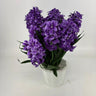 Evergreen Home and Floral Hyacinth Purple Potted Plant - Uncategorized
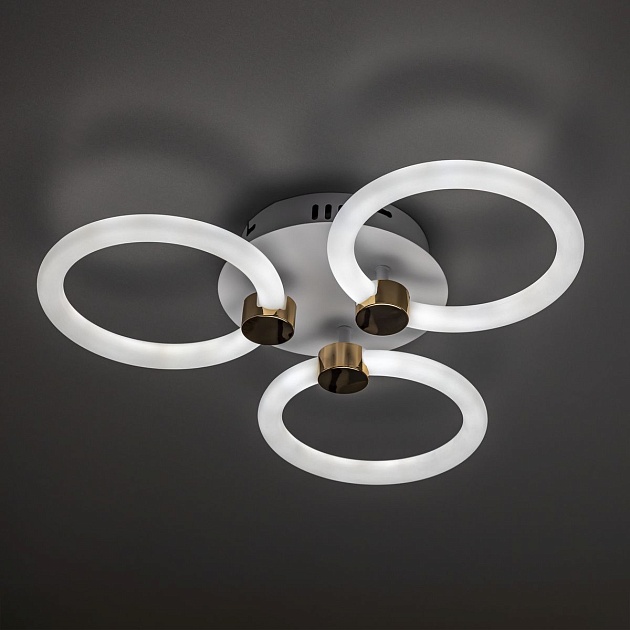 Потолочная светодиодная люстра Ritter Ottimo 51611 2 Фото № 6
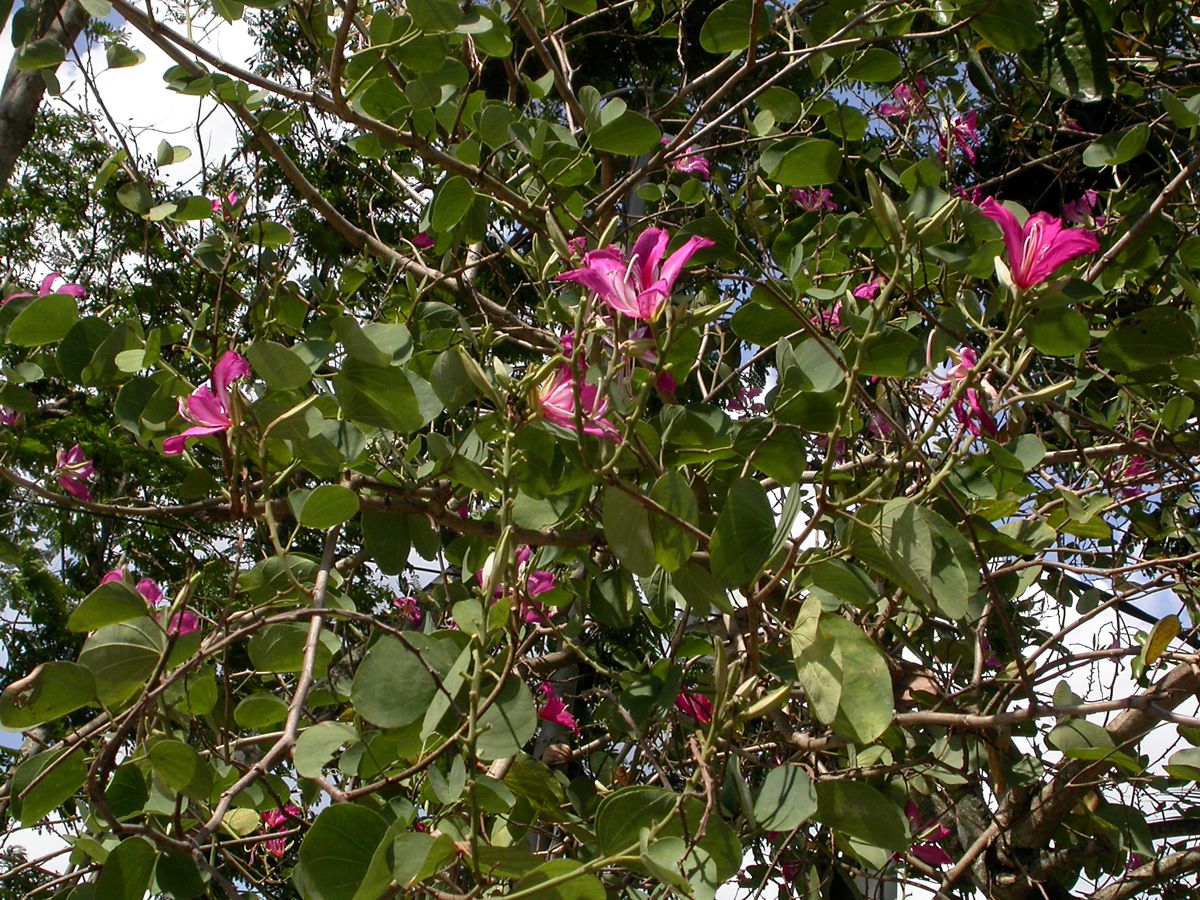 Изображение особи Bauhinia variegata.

→ Directions: Reproduce every line of the data above, exactly as it stands, but not the pictures.

→ Solution for this exercise:
 Evergreen Home and Floral Hyacinth Purple Potted Plant - Uncategorized
 Потолочная светодиодная люстра Ritter Ottimo 51611 2 Фото № 6
 Изображение особи Bauhinia variegata.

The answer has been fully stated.